This morning we drove up the Delaware coast to Lewes, where we took the ferry across Delaware Bay to Cape May, New Jersey. This was a fancier and more expensive ferry than those we took in North Carolina. We sat in a comfortable lounge enjoying the views and our fellow passengers. A colorful four story hotel in Cape May, New Jersey, with red awnings and a red-roofed gazebo on top. Cape May architecture

The Lewes - Cape May ferry was almost put out of business by the freeways and turnpikes that made for fast crossings of the Delaware further north; but Atlantic City gambling gave the ferry a new life. Many of our fellow passengers were gamblers, and couldn't wait for a little action; they played poker and gin for money at the tables around us while we worked our cryptic crosswords.

Cape May is another charming coastal town. It has restored its nineteenth century Victorian houses to shining splendor, and built new ones with architecture to match. Hundreds of yachts are sitting in boatyards awaiting their spring launching. Carpenters are busily repairing old homes.

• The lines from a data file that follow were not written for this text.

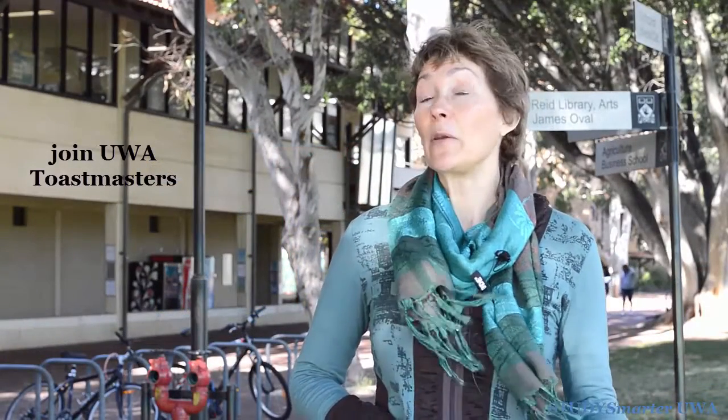Toastmasters is a great way to develop your English skills as well as your presentation skills speaking in front of an audience. UWA Toastmasters meets once a week on a Friday. It's a great way to come and make some friends around campus.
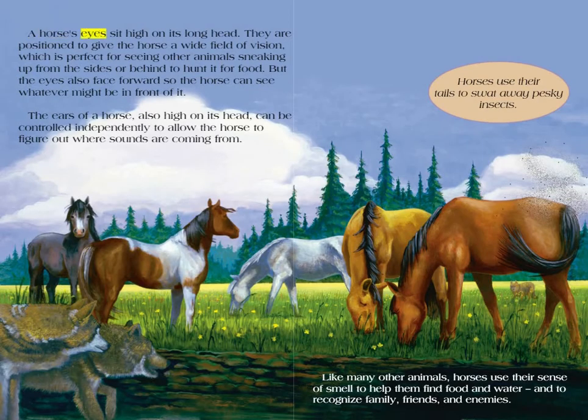A horse's eyes sit high on its long head. They are positioned to give the horse a wide field of vision, which is perfect for seeing other animals sneaking up from the sides or behind to hunt it for food. But the eyes also face forward so the horse can see whatever might be in front of it. The ears of a horse, also high on its head, can be controlled independently to allow the horse to figure out where sounds are coming from.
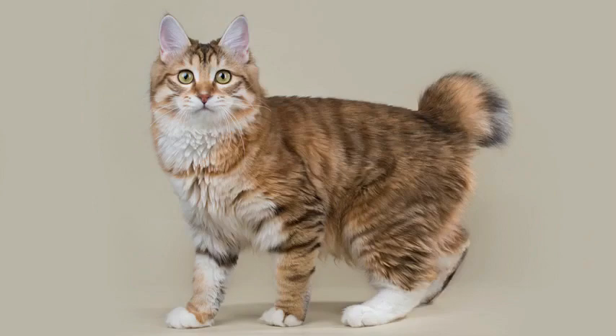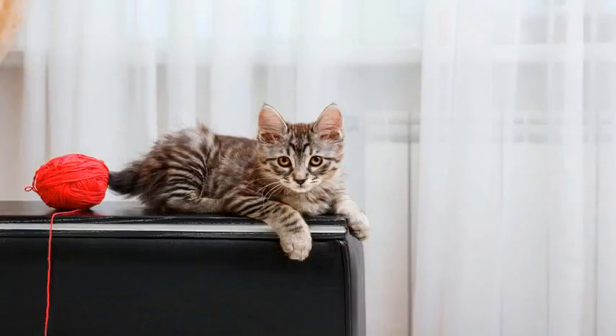The Curilian Bobtail has Siberian ancestors. This breed has been little studied by felinologists yet, but the most common version of how they came to exist is the crossbreeding of Japanese Bobtails and Siberian cats. They were brought to the Kuril Islands by Japanese and Russian seamen at the start of the 18th century, when the latter were virtually discovering these lands and putting them down on the map.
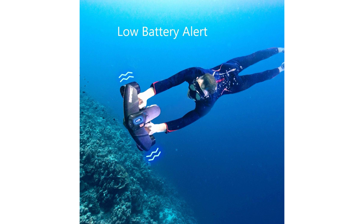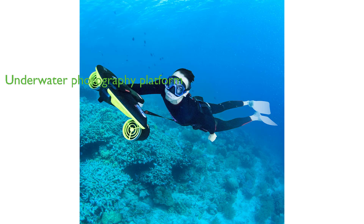This C-Scooter is not only a tool for underwater exploration, but also a platform for underwater photography, with compatibility for mounting various cameras and accessories.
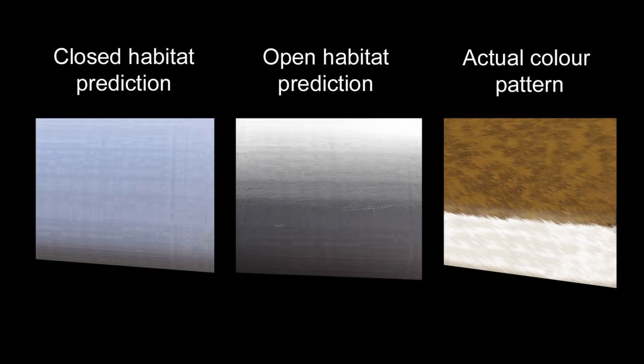The countershading transition was abrupt and high up on the body, best positioned to negate the shadows cast by direct sunlight. We can therefore infer that Sinosauropteryx was best suited to have lived in an open environment.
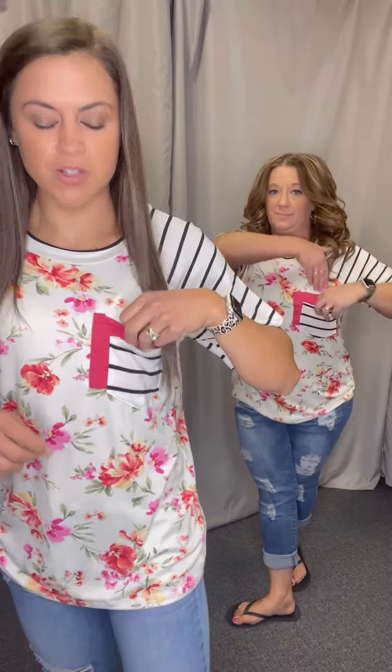Hey guys, look at how cute this is. Loving the bright white floral pockets. This is really fun. It has floral on the body, stripes on the sleeves, and then it's a double pocket — it has that pink pocket and then a striped pocket. The floral is just all around.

This far north the season doesn't start until Mother's Day, but people are looking forward eagerly to crowds of weekenders and vacationers. We stopped for lunch in Wildwood, New Jersey, which is trying to make a virtue of its miles of shabby 1950s architecture -- they call it "the Doo-Wop School of Architecture" and offer tours, displaying old neon signs, flared restaurant facades and the like. Our waittress told us they were preparing for a Mustang show, new this year, and also a Corvette show. This will bring their total of classic car shows to four yearly! The board walk is wide and wood planked and runs for a long distance up and down the beach in front of the stores and hotels and attractions Atlantic City boardwalk

From our point of view, Wildwood was the tackiest beach town we've seen, but we still noticed lots of money being spent on sprucing the houses up for the season. The point is, America is investing in waterfront property; homes close to the beach can be rented dearly enough in season to make a good profit.

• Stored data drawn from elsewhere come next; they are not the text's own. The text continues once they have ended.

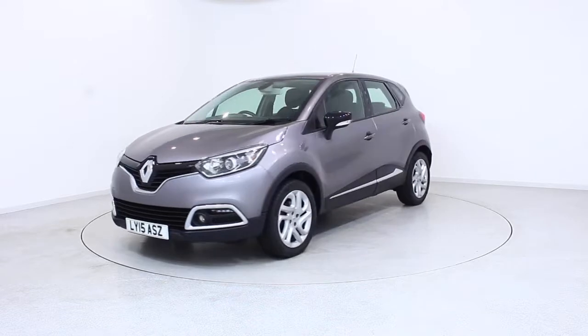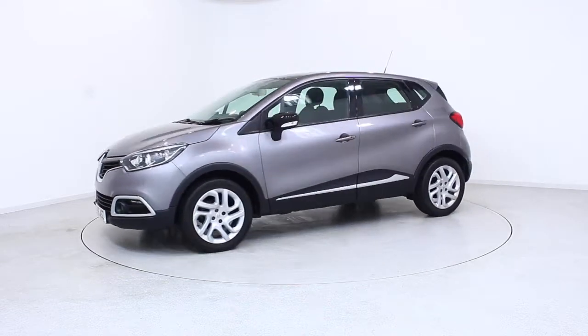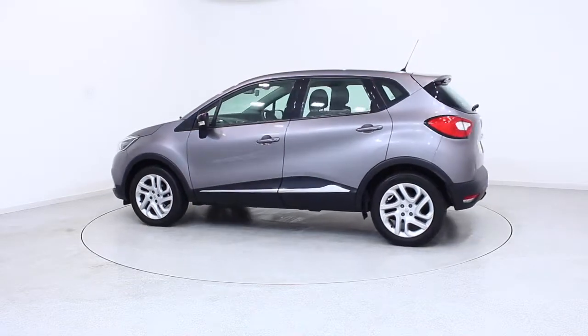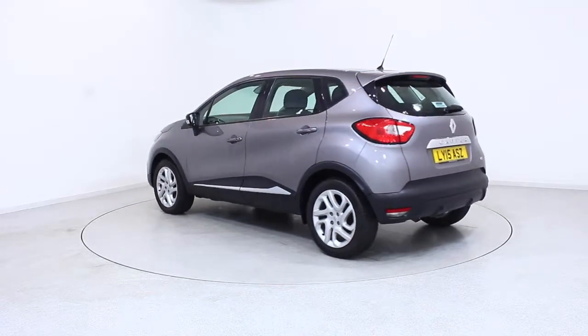Ready for you to view, try and drive away the very same day. This Renault has been through our extensive mechanical and preparation process to ensure it's in perfect condition.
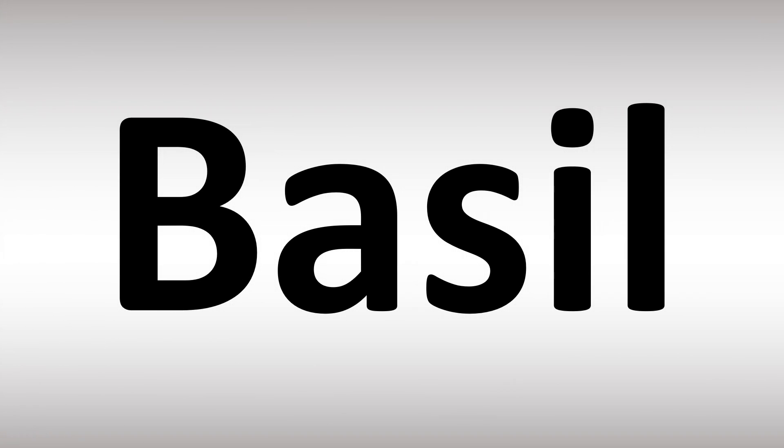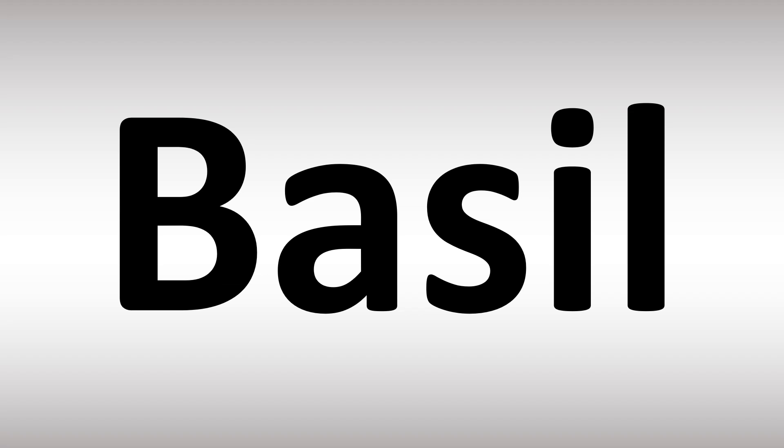We are looking at how to pronounce these words, as well as how to say more food names including from Italian and French. There are two different ways of pronouncing it. Basel is how it's said in British English, while in American English they say basil — Basel versus basil.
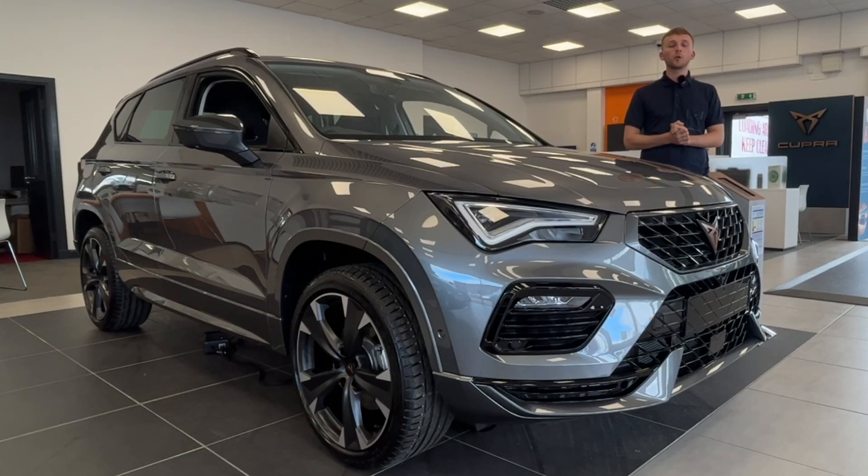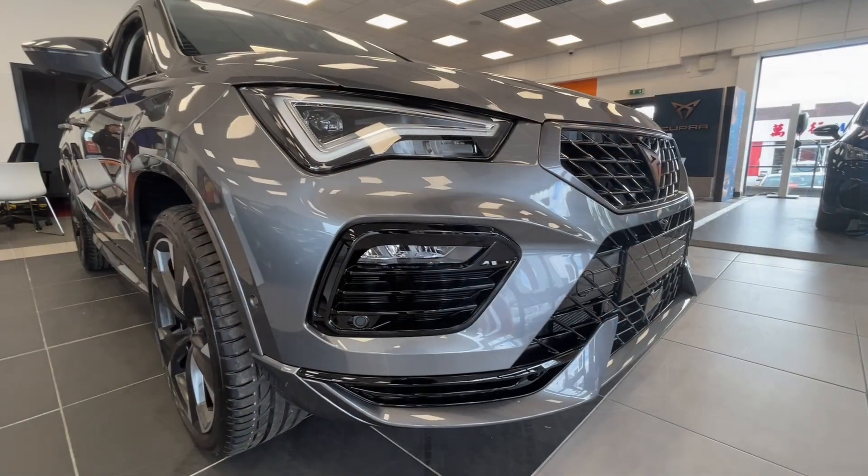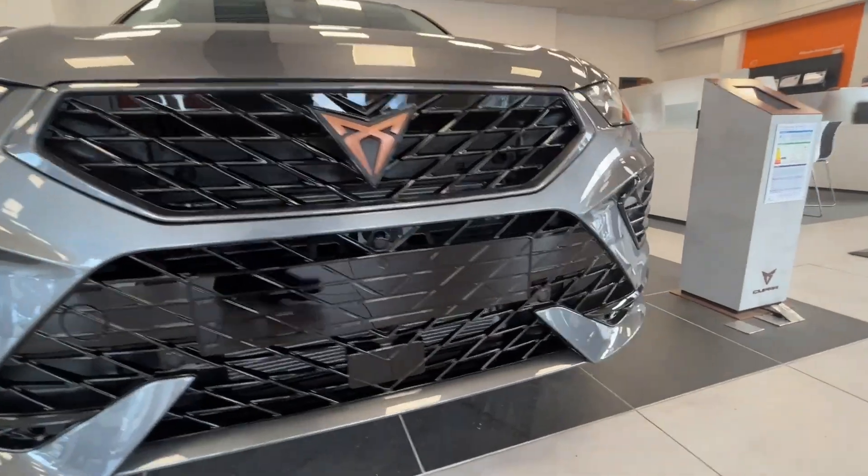Hi, I'm Robbie from Cupra 5 Gregory. Today I want to show you something extremely special which has arrived at the showroom — the Cupra Teca V1 1.5150.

The beach islands in southern New Jersey are separated by inlets where the ocean rushes in to marshy salt water bays. There's a bridge across each one of these inlets, a total of five. Oblivious to modern traffic safety principles, each bridge is two-laned and narrow and right at the top of the arch the roadways widen out just a little to make room for a little house in the middle where a toll collector gets fifty cents. The northernmost bridge is closed, being replaced by a new one. We found ourselves wondering if New Jersey will step forward into the 21st century, or else put another tiny tollhouse to crown its new bridge!

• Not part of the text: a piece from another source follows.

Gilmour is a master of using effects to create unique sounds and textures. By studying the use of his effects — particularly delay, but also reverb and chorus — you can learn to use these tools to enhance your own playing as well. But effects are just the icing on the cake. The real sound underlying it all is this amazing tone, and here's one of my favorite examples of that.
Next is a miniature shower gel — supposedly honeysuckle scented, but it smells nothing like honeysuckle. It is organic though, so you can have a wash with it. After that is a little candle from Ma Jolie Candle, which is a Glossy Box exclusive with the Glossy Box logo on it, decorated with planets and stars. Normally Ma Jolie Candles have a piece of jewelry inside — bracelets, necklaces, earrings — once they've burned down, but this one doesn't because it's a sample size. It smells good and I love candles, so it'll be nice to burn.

Having visited Las Vegas often while we lived in California, we didn't expect wonders from Atlantic City, but there are lots more people living east of the Mississippi than west, and Atlantic City pulls them in. Even on a cold spring weekend busloads of gamblers from Philadelphia and further away had deposited their cargo on Friday and parked in huge lots until Sunday when they'll haul them home again.

The hotels, including ours, are overpriced and undermaintained, and not at all well equipped for folks who want to set up their laptops and send out their trip reports. In fact, hotel rooms in gambling towns tend to be spacious but Spartan, to encourage the players to return to the casinos.